— Required work —
Drop the images. Copy every line below character for character.

— Data section —

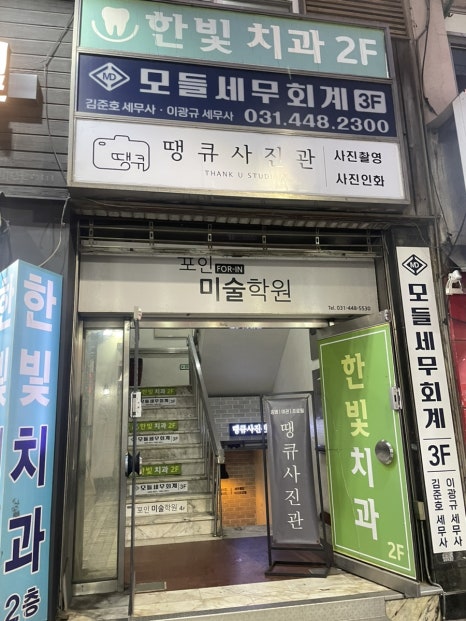 안양동사진관 이미지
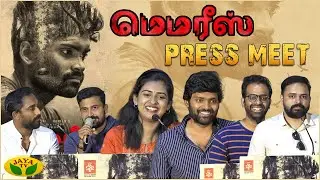 Memories Movie Press Meet  | Vetri Sudley | Jaya TV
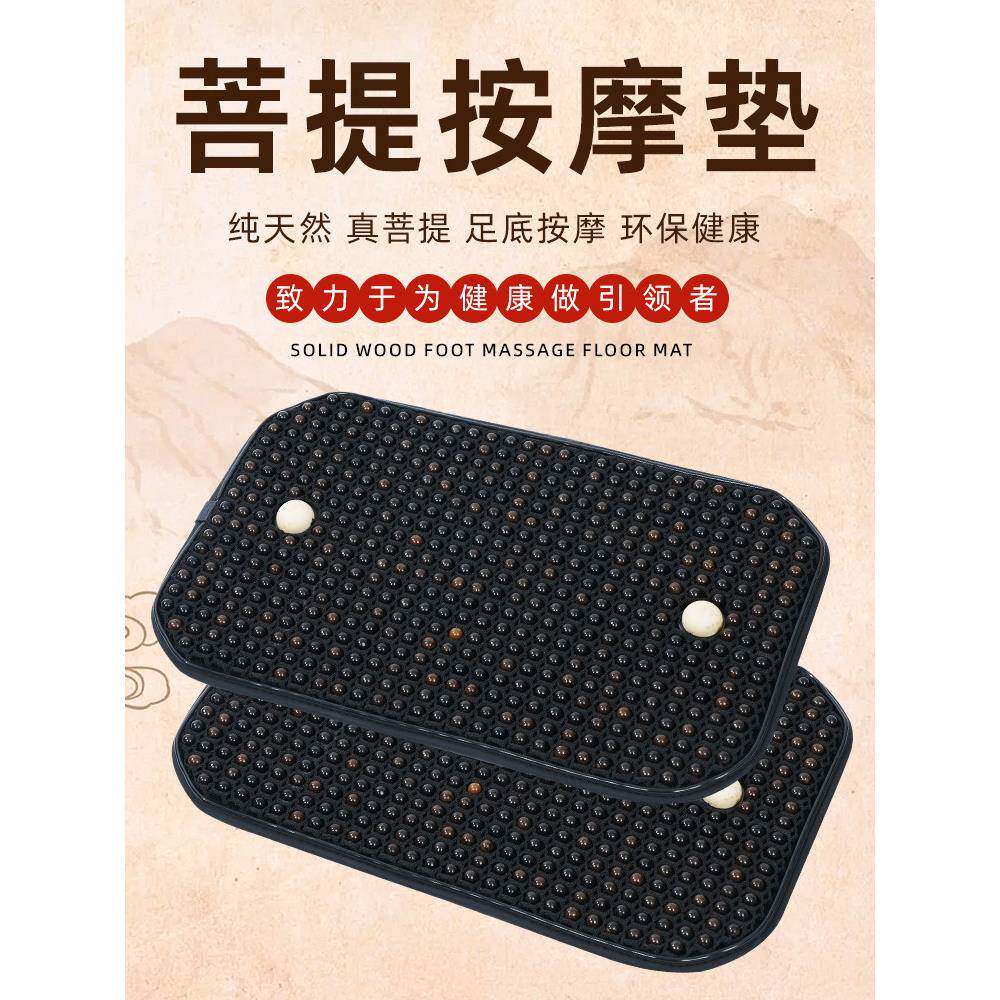 菩提慢跑指压板足底按摩垫脚用底踏通专中医经踩络超神器室内原地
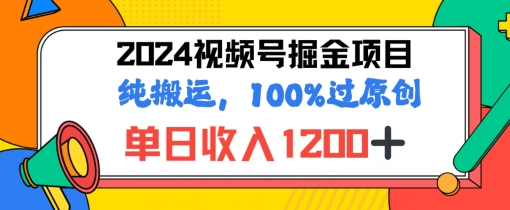 2024暑假视频号掘金赛道，100%过原创玩法，1分钟一个视频，专为小白打造-学帮帮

— Exercise output —
 안양동사진관 이미지
 Memories Movie Press Meet  | Vetri Sudley | Jaya TV
 菩提慢跑指压板足底按摩垫脚用底踏通专中医经踩络超神器室内原地
 2024暑假视频号掘金赛道，100%过原创玩法，1分钟一个视频，专为小白打造-学帮帮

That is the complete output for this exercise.